RECORD EXTRACTS:
####################
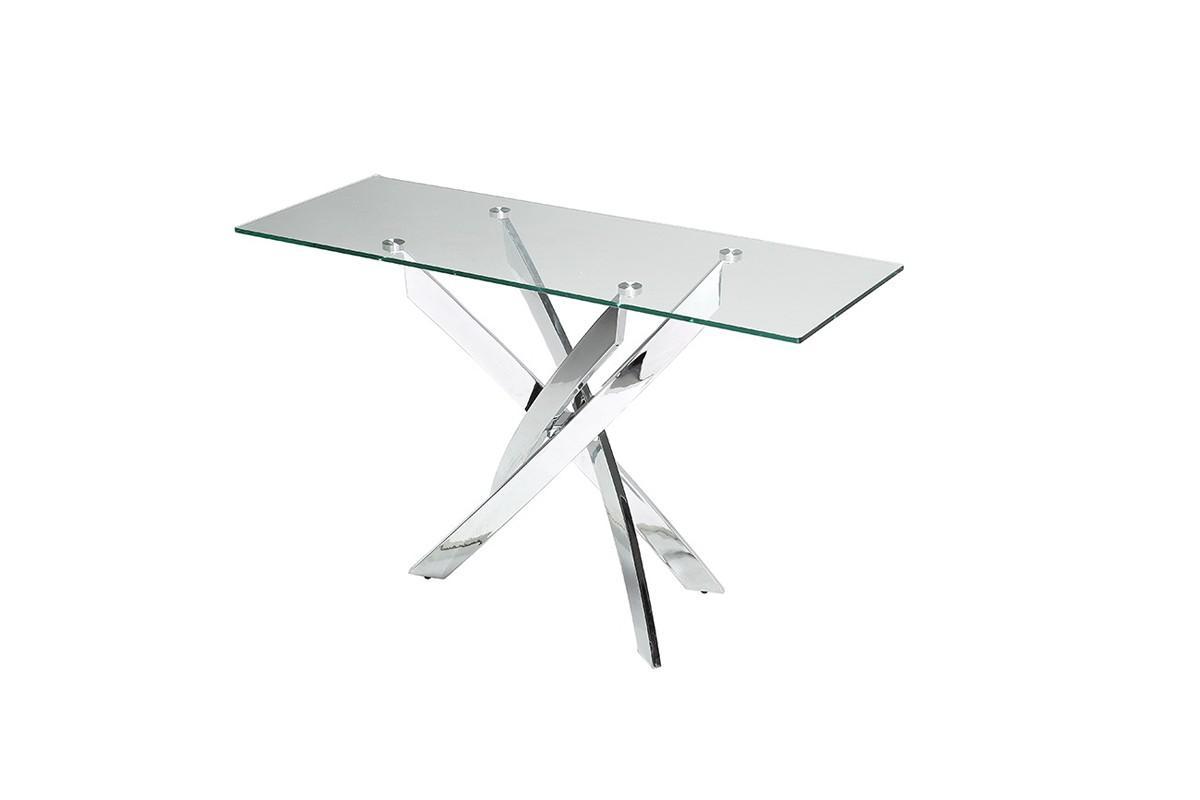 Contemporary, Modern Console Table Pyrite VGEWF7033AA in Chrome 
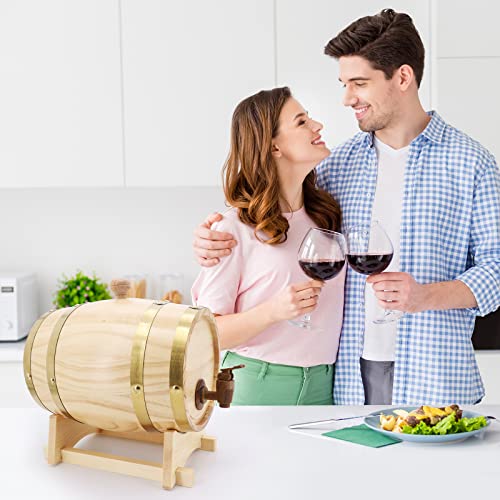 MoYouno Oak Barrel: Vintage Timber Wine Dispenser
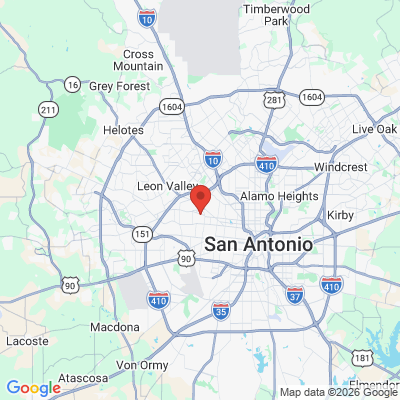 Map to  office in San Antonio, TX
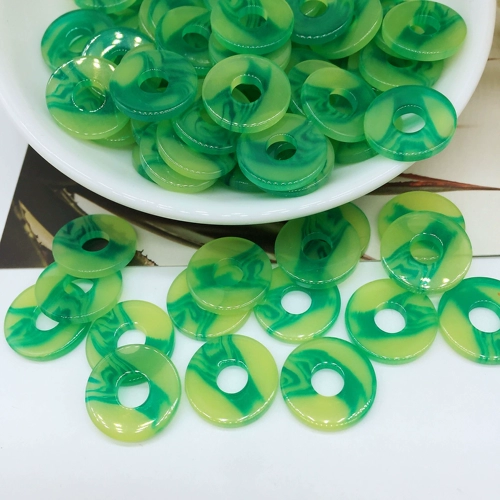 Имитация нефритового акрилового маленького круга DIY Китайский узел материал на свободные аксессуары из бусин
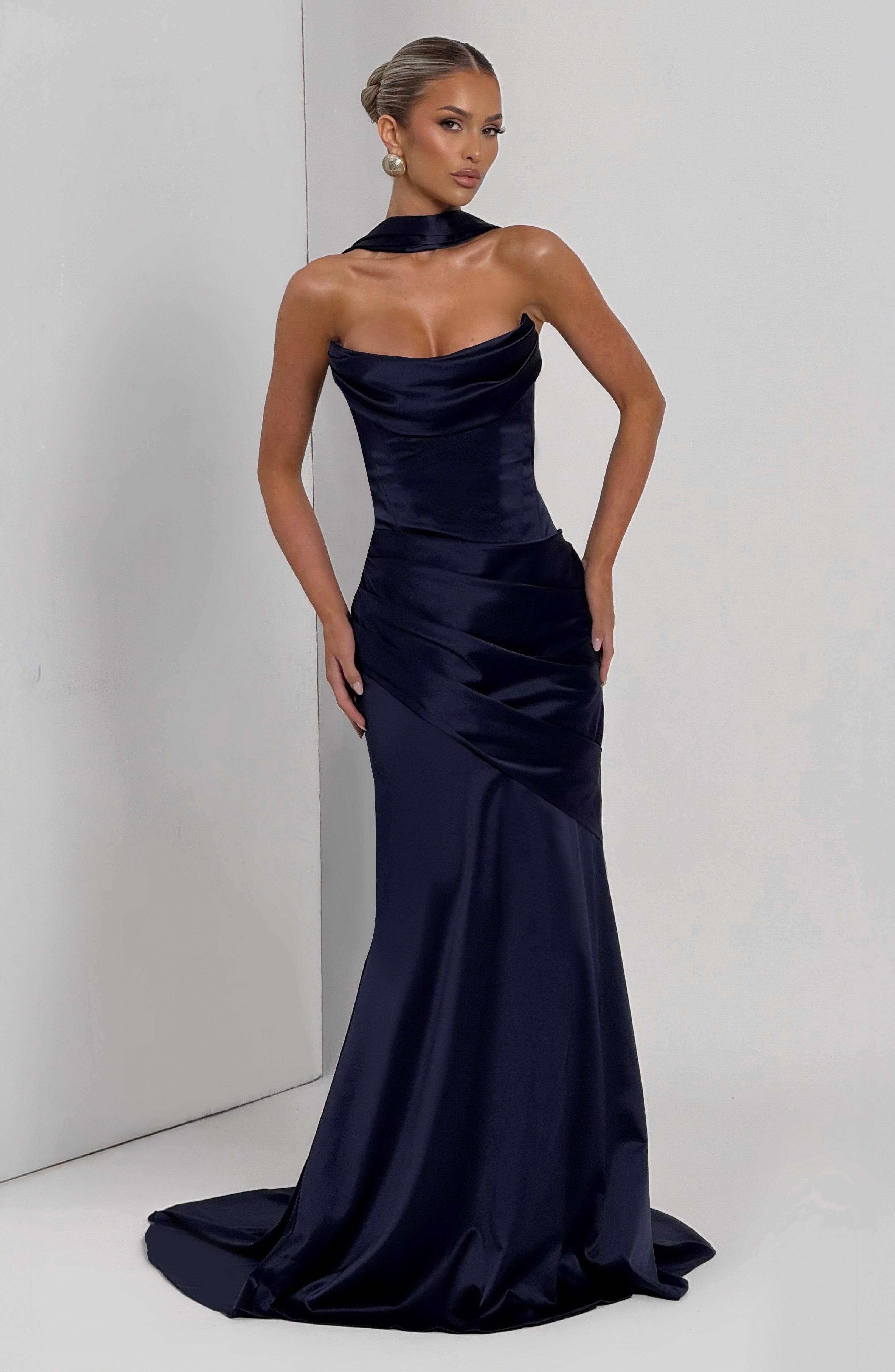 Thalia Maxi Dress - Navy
####################
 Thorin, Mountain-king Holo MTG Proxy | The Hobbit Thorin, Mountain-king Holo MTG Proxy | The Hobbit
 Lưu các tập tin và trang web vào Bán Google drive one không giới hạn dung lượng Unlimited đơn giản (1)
####################
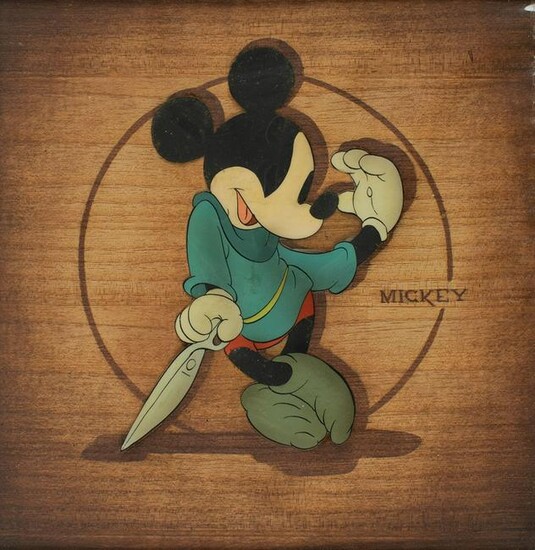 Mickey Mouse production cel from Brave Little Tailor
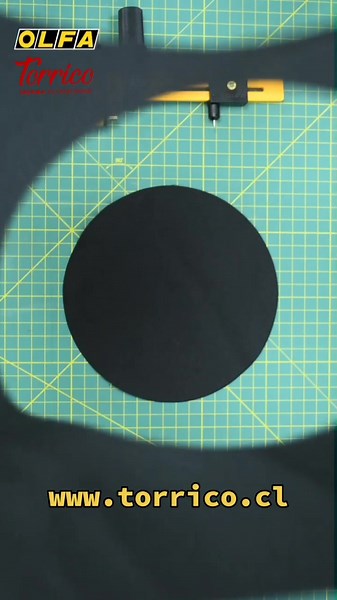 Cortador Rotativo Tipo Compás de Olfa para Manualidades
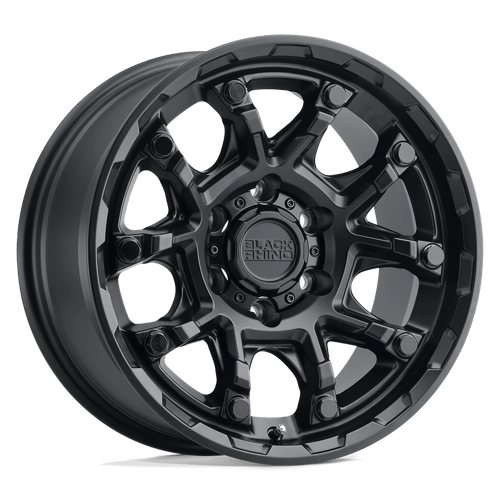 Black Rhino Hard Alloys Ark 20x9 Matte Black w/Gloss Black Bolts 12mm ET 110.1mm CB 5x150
####################
EXERCISE BRIEF:
The data above holds the lines to copy: start at the one with "Contemporary, Modern Console", stop at the one with "Thalia Maxi Dress - Navy", include both, copy them exactly without pictures, and copy nothing else.

SOLUTION BELOW:
 Contemporary, Modern Console Table Pyrite VGEWF7033AA in Chrome 
 MoYouno Oak Barrel: Vintage Timber Wine Dispenser
 Map to  office in San Antonio, TX
 Имитация нефритового акрилового маленького круга DIY Китайский узел материал на свободные аксессуары из бусин
 Thalia Maxi Dress - Navy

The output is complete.